Here lies the great Henry Wowler:

Sleek white cheek pillowed on fleece,

Softly enshrouded by linen and pink woollen blanket,

Breathless nostrils bathed in the sprig of nepeta

Clasped between motionless paws,

And wreathed round in holly – prickly as he often was.

Our mice, birds and spiders are safe now

From his ever-sheathed claws

And I’ve no Breakfast Cat to trip me while making the coffee,

No Teatime Cat presenting for lap the moment he hears the TV,

No Evening Cat to snore in tandem aboard me

Or nestled beside on the couch,

No more nocturnal companion for night-shifts of writing,

No more need to leave space on the sill for a big ginger bum –

No-one wants to sit looking out of the window.

He was a treasure, a cat like no other –

I was entirely his, as he was mine,

Sugar Paws, Sniggle-puss, cat-son.

Henry Wowler would no doubt consider the great outpouring of grief and fond tributes from his bereft Oomans and fans to be his natural due as a truly unique and magnificent cat: adorable, irascible, verbally abusive, cuddlesome, wilful and playful by turns, he was an irreplaceable character and will be sorely missed… although he’s still very much alive on his Henry Wowler Facebook page and in ‘Henry Wowler & the Mirror-Cat’ (available at £6.99 plus P+P from YPD Books, Amazon UK or through any High Street/independent book seller). As always intended but now also in memory of him, a tithe of any profits from sales of the latter will be donated to Syros Cats sanctuary in Greece, the charity supported by illustrator Janet Flynn, and to Cats Protection UK. As a former lost kitten, the late, great Henry Wowler would no doubt consider that to be natural and fitting, too. Sleep in peace, Snugglepuss.

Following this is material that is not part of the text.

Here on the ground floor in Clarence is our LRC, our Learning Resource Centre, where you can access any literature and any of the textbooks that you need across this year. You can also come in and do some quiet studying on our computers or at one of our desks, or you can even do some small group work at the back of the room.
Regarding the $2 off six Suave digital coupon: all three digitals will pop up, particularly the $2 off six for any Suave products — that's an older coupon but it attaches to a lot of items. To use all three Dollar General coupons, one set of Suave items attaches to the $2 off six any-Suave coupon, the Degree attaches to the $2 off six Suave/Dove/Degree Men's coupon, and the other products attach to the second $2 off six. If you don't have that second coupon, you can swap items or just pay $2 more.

5 thoughts on “Obituary: Henry Wowler, 2011-2021

  1. Beautiful obituary, Helen. As someone who loves cats and has had to go through the same heartbreaking farewell, I understand just how you feel. Henry Wowler was clearly a Cat of Great Distinction.

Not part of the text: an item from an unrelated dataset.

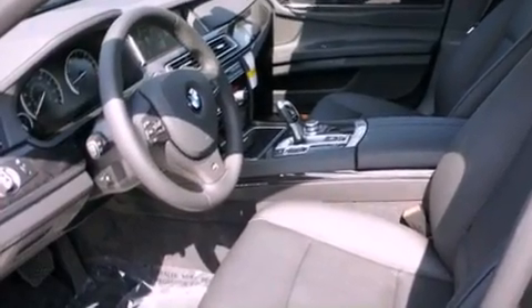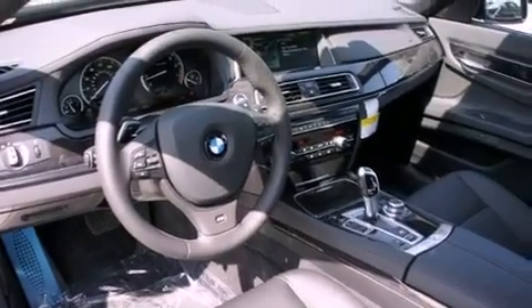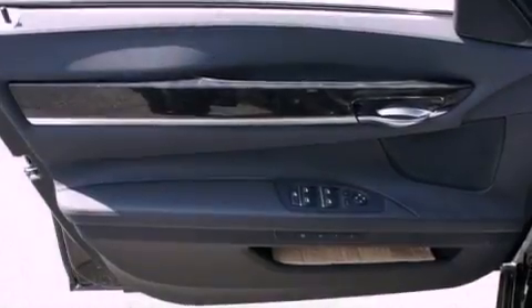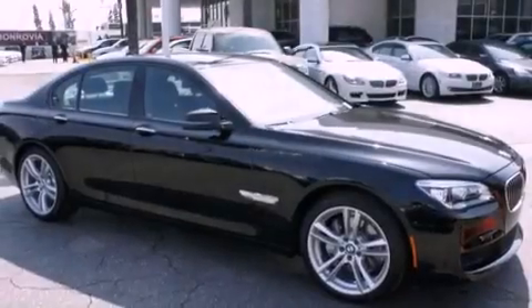The heated seats can warm you up in seconds, keeping you and your passengers comfortable the whole trip. With an EPA estimated rating of 28 miles per gallon on the highway, fuel efficiency is still high on the list of priorities.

  2. Yes, they are, and it is indeed. (Same goes for dogs, or any other beloved creature). I don’t know whether we’ll ever get another – not because I fear the pain of these partings, but because of our ages. I certainly wouldn’t take a kitten, except as short-term emergency foster, which could easily outlive us both; but once we’ve enjoyed a couple of years (God willing) free from care responsibilities, I’d definitely consider taking in an unwanted senior cat from a rescue centre. Not to replace Henry – no-cat ever could or will – but simply because feline company delights me.